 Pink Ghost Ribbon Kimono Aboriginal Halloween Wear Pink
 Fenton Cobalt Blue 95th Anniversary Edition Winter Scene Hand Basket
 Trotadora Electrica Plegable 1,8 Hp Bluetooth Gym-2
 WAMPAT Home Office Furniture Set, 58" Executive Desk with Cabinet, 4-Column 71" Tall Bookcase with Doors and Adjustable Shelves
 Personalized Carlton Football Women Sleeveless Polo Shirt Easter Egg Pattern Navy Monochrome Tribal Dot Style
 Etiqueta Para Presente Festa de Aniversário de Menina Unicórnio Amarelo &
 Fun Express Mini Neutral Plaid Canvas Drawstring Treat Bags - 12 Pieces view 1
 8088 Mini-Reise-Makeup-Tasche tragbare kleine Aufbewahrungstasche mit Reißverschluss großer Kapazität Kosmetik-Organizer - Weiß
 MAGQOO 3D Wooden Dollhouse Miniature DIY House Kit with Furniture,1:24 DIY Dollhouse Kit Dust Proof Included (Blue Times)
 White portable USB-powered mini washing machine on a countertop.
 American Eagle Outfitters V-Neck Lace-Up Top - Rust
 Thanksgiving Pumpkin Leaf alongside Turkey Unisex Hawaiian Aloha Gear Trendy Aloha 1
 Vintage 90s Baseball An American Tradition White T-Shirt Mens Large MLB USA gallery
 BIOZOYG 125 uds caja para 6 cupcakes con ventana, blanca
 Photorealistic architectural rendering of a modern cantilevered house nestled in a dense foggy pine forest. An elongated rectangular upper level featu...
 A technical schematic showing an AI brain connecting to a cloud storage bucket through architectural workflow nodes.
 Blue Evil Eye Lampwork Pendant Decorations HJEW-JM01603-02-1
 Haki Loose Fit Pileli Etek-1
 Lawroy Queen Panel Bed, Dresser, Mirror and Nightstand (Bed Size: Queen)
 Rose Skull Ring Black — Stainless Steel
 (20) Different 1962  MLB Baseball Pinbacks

**TASK OBJECTIVE**
Everything before the line containing "Thanksgiving Pumpkin Leaf" stays out. Write out that line and the rest of the entries exactly.

**REPLY**
 Thanksgiving Pumpkin Leaf alongside Turkey Unisex Hawaiian Aloha Gear Trendy Aloha 1
 Vintage 90s Baseball An American Tradition White T-Shirt Mens Large MLB USA gallery
 BIOZOYG 125 uds caja para 6 cupcakes con ventana, blanca
 Photorealistic architectural rendering of a modern cantilevered house nestled in a dense foggy pine forest. An elongated rectangular upper level featu...
 A technical schematic showing an AI brain connecting to a cloud storage bucket through architectural workflow nodes.
 Blue Evil Eye Lampwork Pendant Decorations HJEW-JM01603-02-1
 Haki Loose Fit Pileli Etek-1
 Lawroy Queen Panel Bed, Dresser, Mirror and Nightstand (Bed Size: Queen)
 Rose Skull Ring Black — Stainless Steel
 (20) Different 1962  MLB Baseball Pinbacks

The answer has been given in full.